Alice May Williams' 'Feverish Rumination on Progress'

John Hill
1. November 2022
Photo: Screenshot

Named for the unrealized amusement park proposed to replace the power station on the banks of the Thames, Dream City is "an experimental short that ruminates on the area’s past, present and future," per Adam D’Arpino's commentary at Psyche. "In a whirlwind monologue," the commentary continues, "a disembodied voice summons the dispassionate language of a mindfulness instructor whose words seem to encourage a woman peering out at the the power station to be present with her body and breath, and resist being drawn into 'past failures or future plans.'" The point of view, as seen in the screenshot above, invite viewers to imagine the project's outcome, all the while getting caught up in free-flowing thoughts expressed in the monologue.
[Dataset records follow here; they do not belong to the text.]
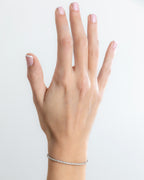 Women's Tennis Bracelet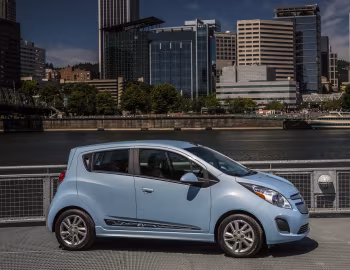 2014–15 Chevrolet Spark EV [North America] (M300) '2013–15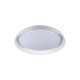 Світильник стельовий Kanlux 37318 Nifu LED 1x18W 4000K 1450Lm IP20 білий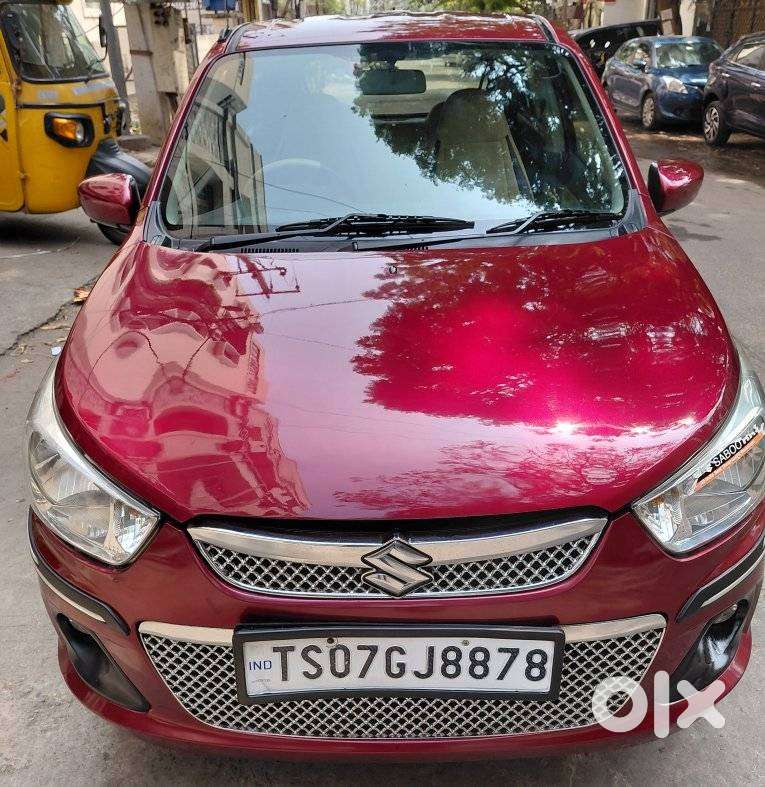 Maruti Suzuki Alto K10 Vxi (o), 2018, Petrol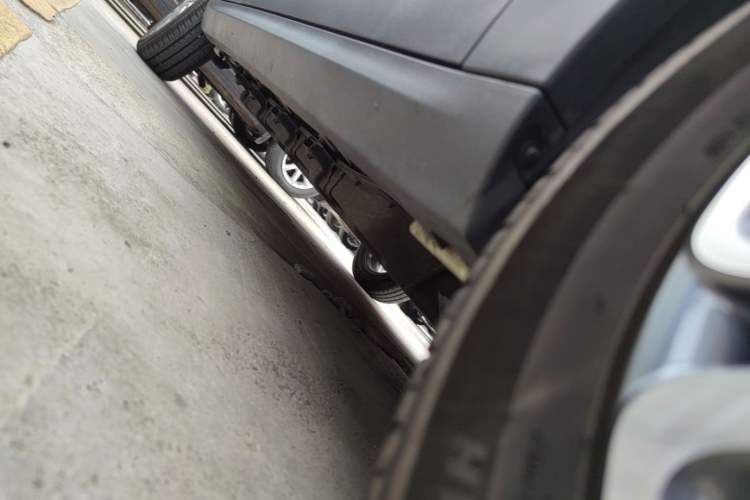 Used Leapmotor T03 2024 403 Comfort Edition Right Side Sill
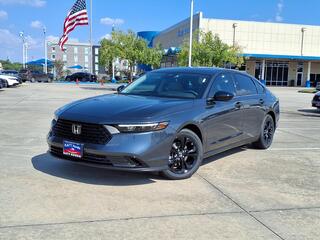 2025 Honda Accord for sale in Katy TX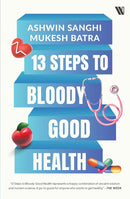 13 STEPS TO BLOODY GOOD HEALTH - Odyssey Online Store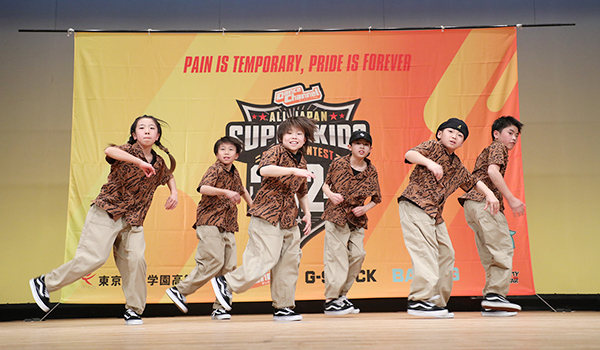 スーパーキッズ2024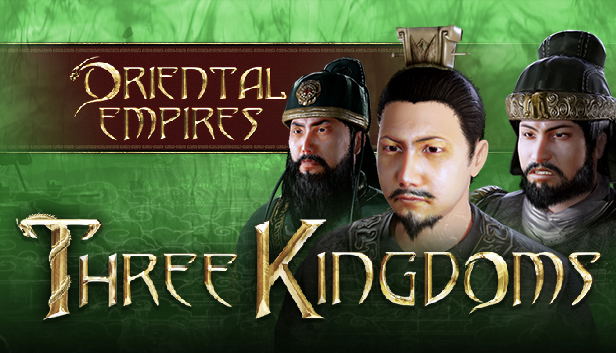 Oriental Empires: Three Kingdoms (DLC) DLC STEAM digital — Import Game Deal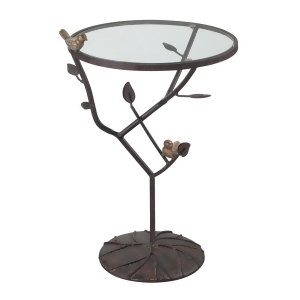 Sterling Industries 138-054 Kimberly-Birds On A Branch Accent Table - All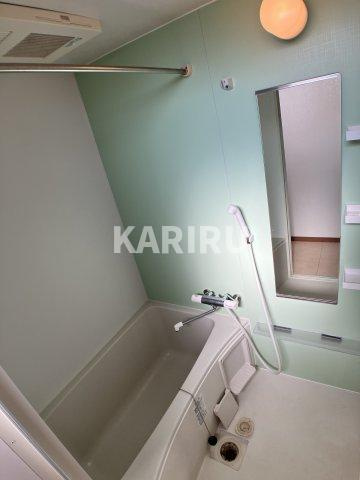 Villetta新森公園の浴室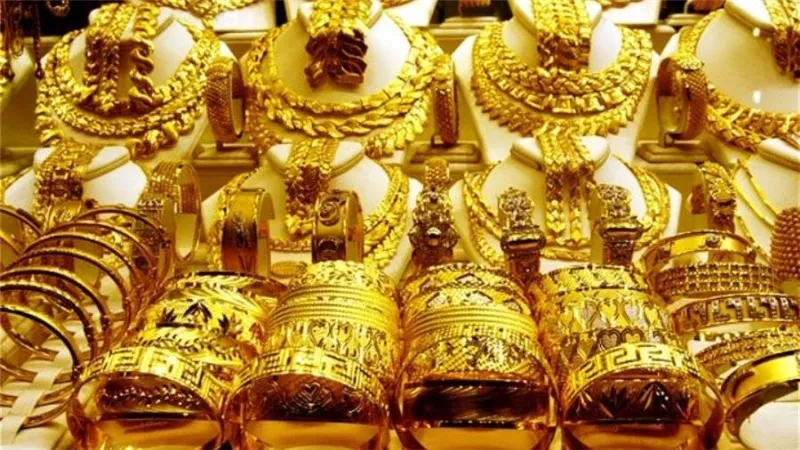 سعر الذهب اليوم فى مصر للبيع والشراء عيار 21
The fast-paced dialogue, written by Williams and spoken by Jamey May, is very much a "feverish rumination on progress," echoed by the quick montages of archival footage, construction shots, and visualizations of the £9 billion project redeveloped by WilkinsonEyre. Just as "Williams channels the cynicism evoked by corporate promises of a techno-utopian future," once again in D'Arpino's words, Guardian architecture critic Oliver Wainwright, in an article from October — four decades after the plant was decommissioned, six years after the short film was made, and just shy of the project's public opening — finds that "every square inch [of the old power station] has been monetized." As such, Williams' film is as prescience as it is poetic.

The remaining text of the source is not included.